老人党リアルグループ「護憲+」ブログ

現憲法の基本理念(国民主権、平和、人権)の視点で「世直し」を志す「護憲+」メンバーのメッセージ

腐臭漂う安倍政権

2017-05-13 19:44:32 | 安倍内閣
権力は必ず腐敗する。特に、ファッショ政権(独裁政権)は、必ず腐敗する。これは歴史の定説だと言ってよい。

この理由は、きわめて簡単。民主的政権は、自らの政権に付与された権力は、国民から負託された権力であると認識しているので、権力の行使にはきわめて抑制的である。

ところが、ファッショ的(独裁的)政権は、自らに付与された権力は、国民から負託された権力と言う意識がないか、稀薄である。その為、権力の行使に躊躇や逡巡がなく、歯止めが効かない。
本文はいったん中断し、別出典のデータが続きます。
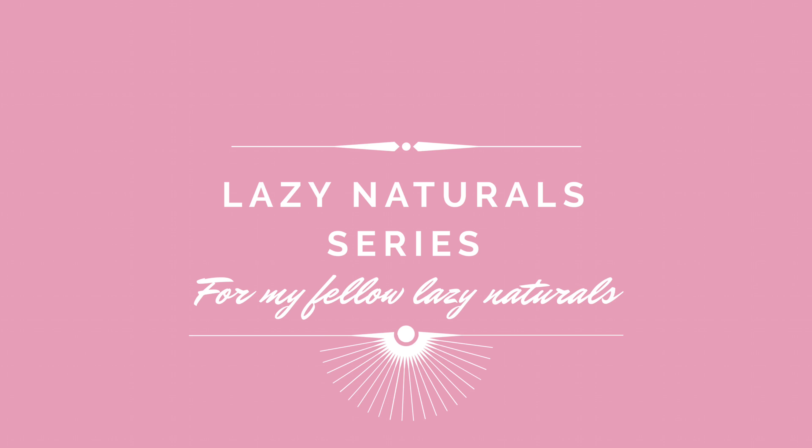I know sometimes it's really hard for naturals to manage their hair on a daily basis, so over the next couple of weeks I'll be sharing some information on how I deal with my hair, in hopes that it will help you deal with yours. The first thing I'll be sharing is three easy head wrap styles, which I love to do on days where I just don't want to comb. If you're interested in how I do these, please continue watching.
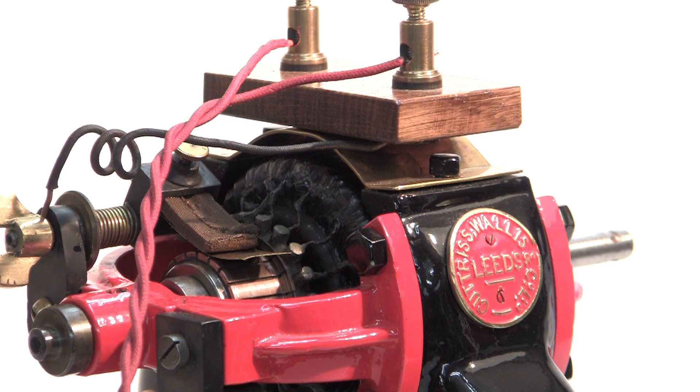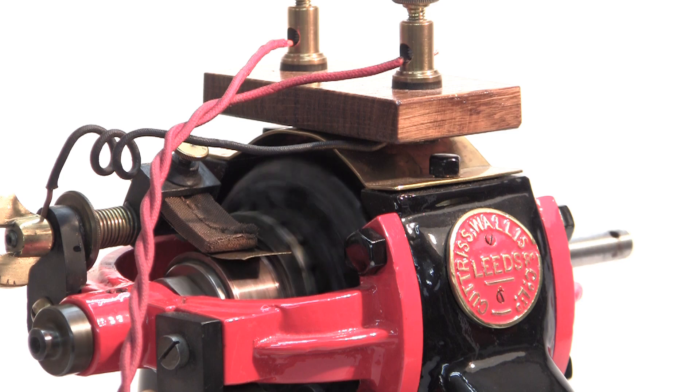The motor is designed to run on 100V DC. It will draw 2A at full load and will spin at 2000RPM. Here it is running at 40V.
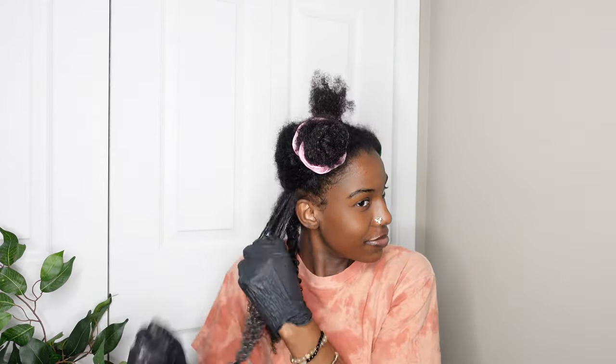I mainly put the dye in my palm and on the ends and worked it up to the root, taking the rest of my hair and continuing to do that in small sections.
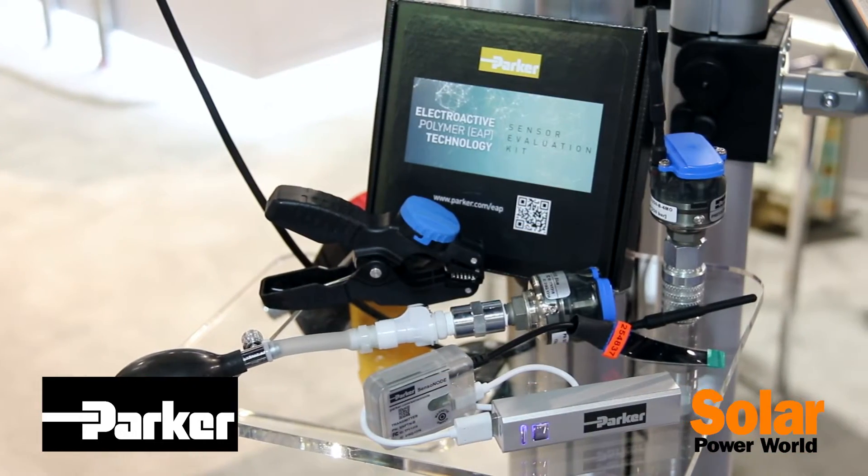Hello, I'm Tad Orsted with Parker Hannifin's Quick Coupling Division based out of Minneapolis, Minnesota. We're here at SPI 2015 showcasing our new Sensonode Blue Gen2 sensors.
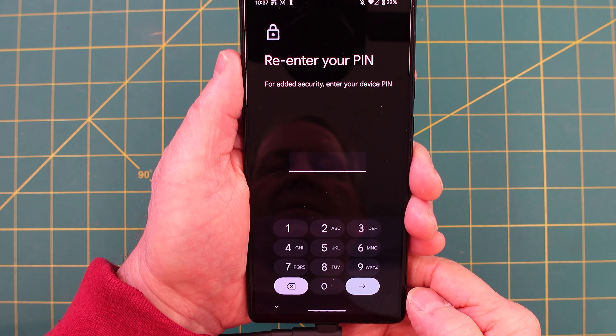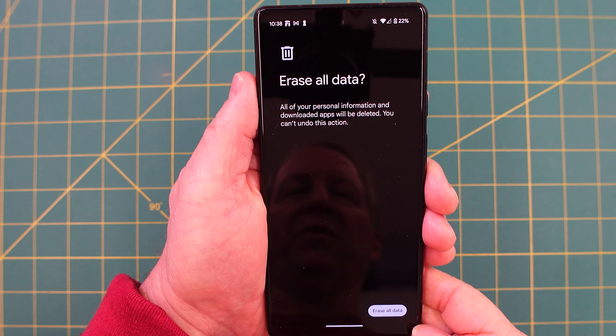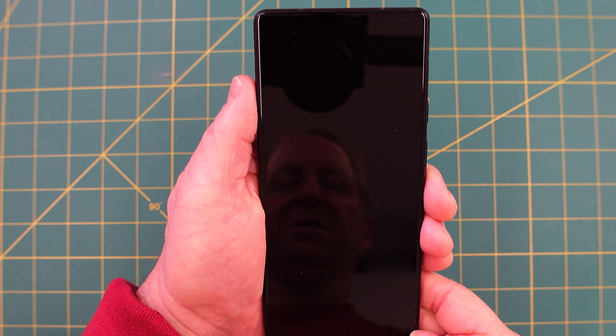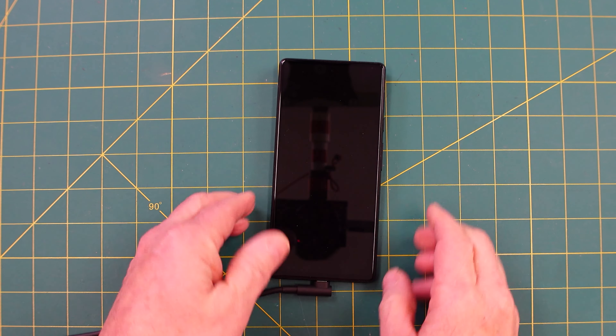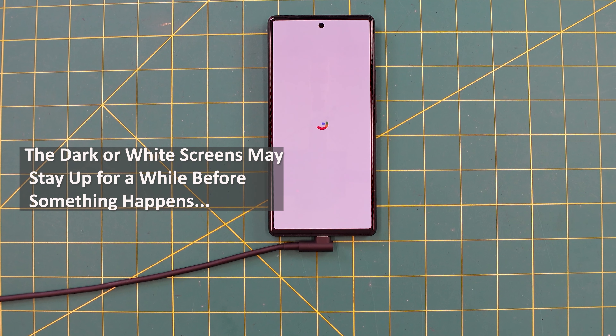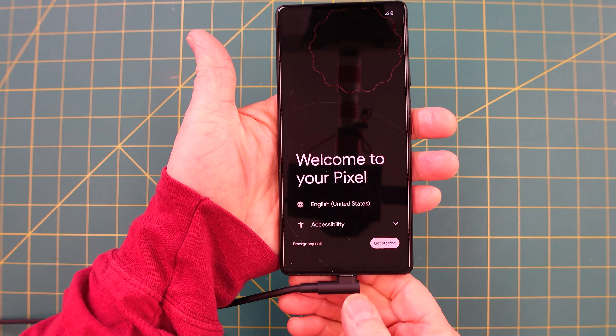Enter your security PIN. Once you've entered your PIN, it will give you one last chance — hit Reset, then Factory Data Reset. Let it do its thing, and after a couple of minutes you're back at the basic setup screen.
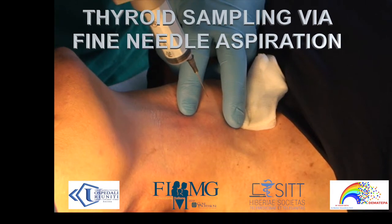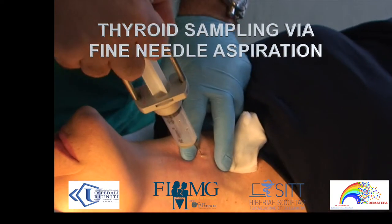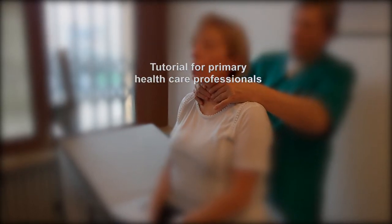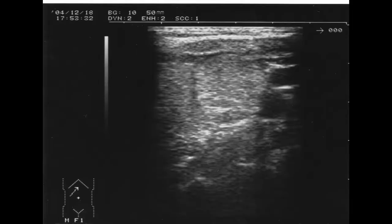Fine needle aspiration biopsy of the thyroid is performed only for neoplasm-suspected lesions. Both physical examination and ultrasound scan imaging are mandatory to recommend such tests.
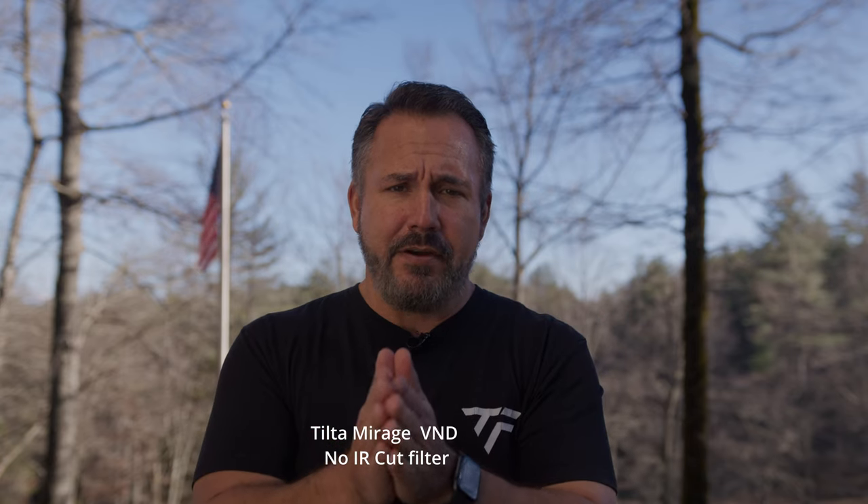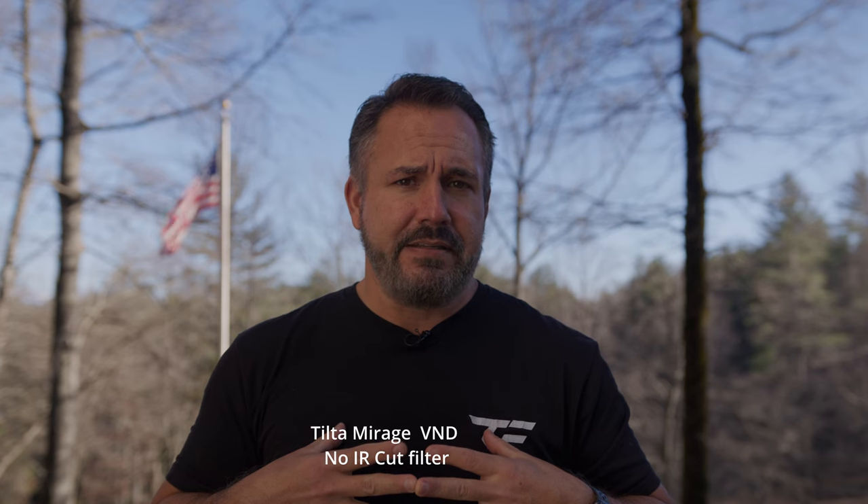I'll also go through the Tilta Mirage — this is the Tilta Mirage matte box with its own variable ND built in. As you'll see here, at least on my monitor, the black looks black on my shirt. It doesn't look red and crazy like it did on the Canon. The whole Tilta Mirage system is around $300 to $350 and gives you a matte box and a variable ND, with all kinds of add-ons. This is my favorite — it gives me more range than the two-to-five and the six-to-nine combined, all in one.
『国家権力を「濫用」することに躊躇しない。これが安倍政権の最大の特徴。いまや全省庁が安倍総理の意向を異常なまでに「忖度」し、「隷従」している様相。国会で答弁が面倒だから「読売新聞を読め」と異常な妄言をはいても、これを諫める人間もいない。権力は「暴走」する。だからこそ「憲法」がある。』・・(小沢一郎事務所)

誰が見ても、今や安倍政権は、典型的なファッショ政権の様相を呈している。安倍首相は、自らの存在を天皇であると錯覚しているのではないか、と思えるような立ち居振る舞いをしている。自らや自らの政権幹部(夫人も含めて)の言動は、たとえそれがどんなに公序良俗に反していても、世間的常識に反していても、道義的に疑問がつく事でも、全て「閣議決定」で正当化できると考えている。傍目にはそれがどんなに理不尽で、どんなに滑稽でも、どんなに法的根拠がなくても、ごり押しに押し通そうと決めているようである。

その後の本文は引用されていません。